**What the exercise asks:** Pictures aside, repeat every record below exactly.

━━ Data records ━━

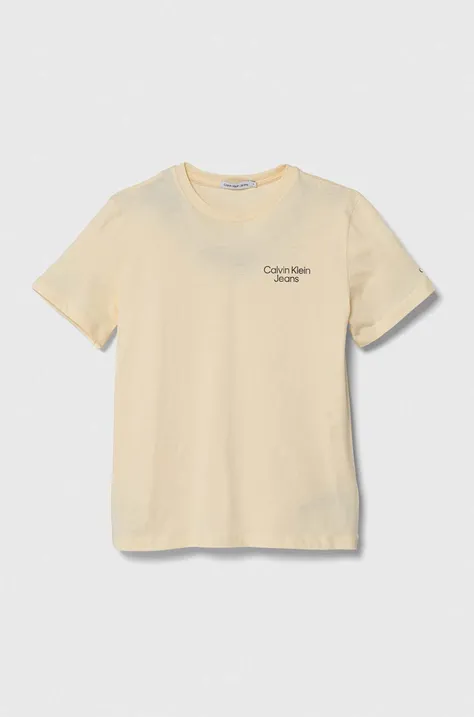 Детская хлопковая футболка Calvin Klein Jeans цвет бежевый однотонная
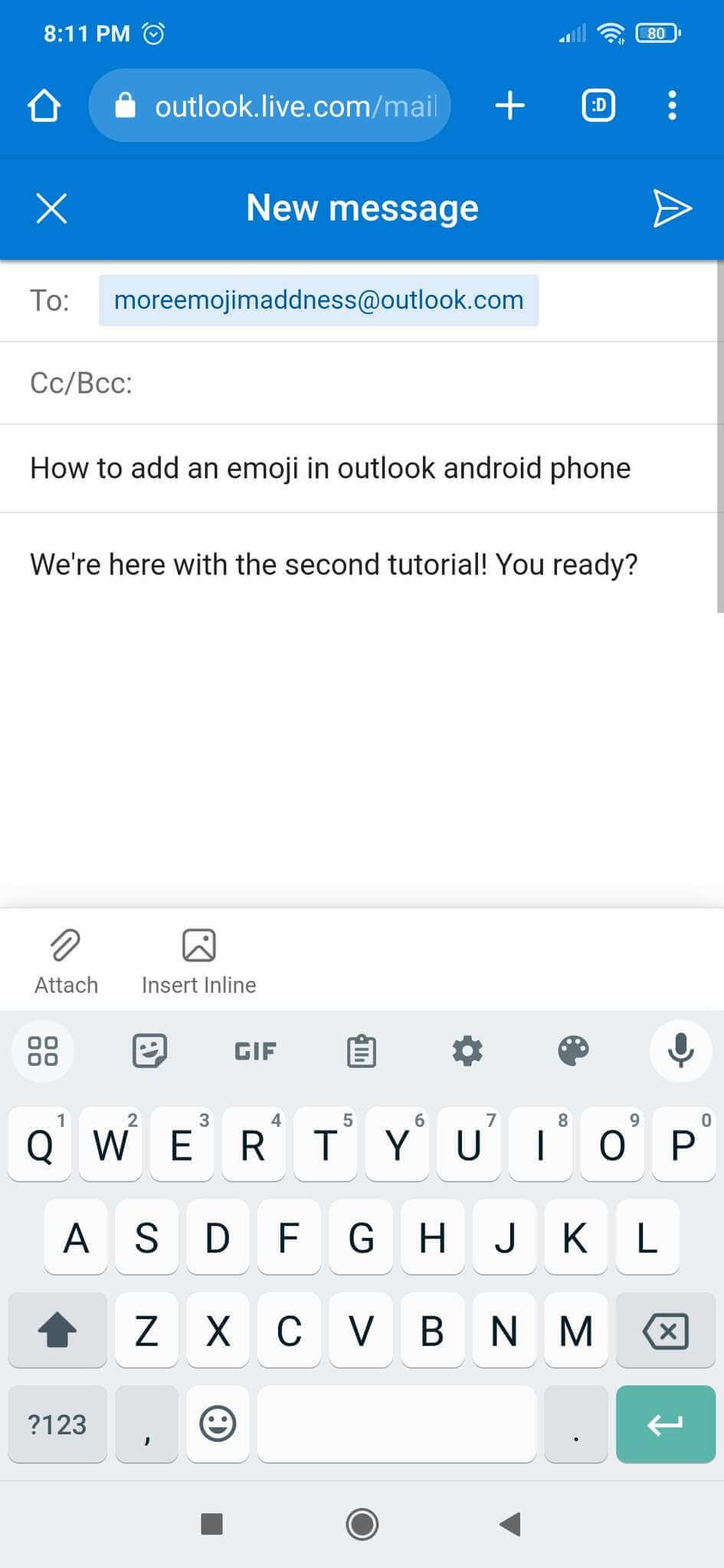 Crie seu e-mail no Android Outlook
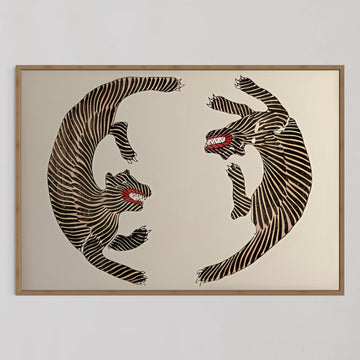 Vintage Japanese Tiger Wall Art - Style My Wall,frame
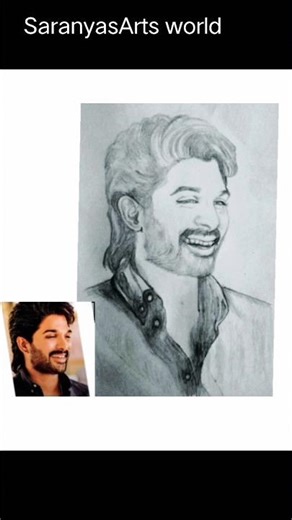 Allu arjun😍🔥💗 fanart, portrait drawing ✨💫#shorts #artist #fanart #alluarjun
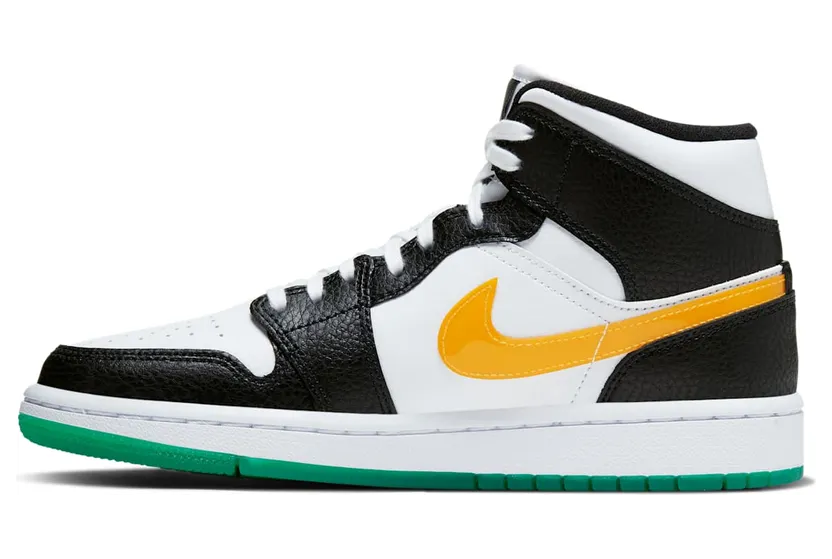 Jordan 1 Mid Alternate Swooshes Red Yellow (W) “Black / White / Lucid Green / University Red” (BQ6472-063)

━━━

**Exercise solution:**
 Детская хлопковая футболка Calvin Klein Jeans цвет бежевый однотонная
 Crie seu e-mail no Android Outlook
 Vintage Japanese Tiger Wall Art - Style My Wall,frame
 Allu arjun😍🔥💗 fanart, portrait drawing ✨💫#shorts #artist #fanart #alluarjun
 Jordan 1 Mid Alternate Swooshes Red Yellow (W) “Black / White / Lucid Green / University Red” (BQ6472-063)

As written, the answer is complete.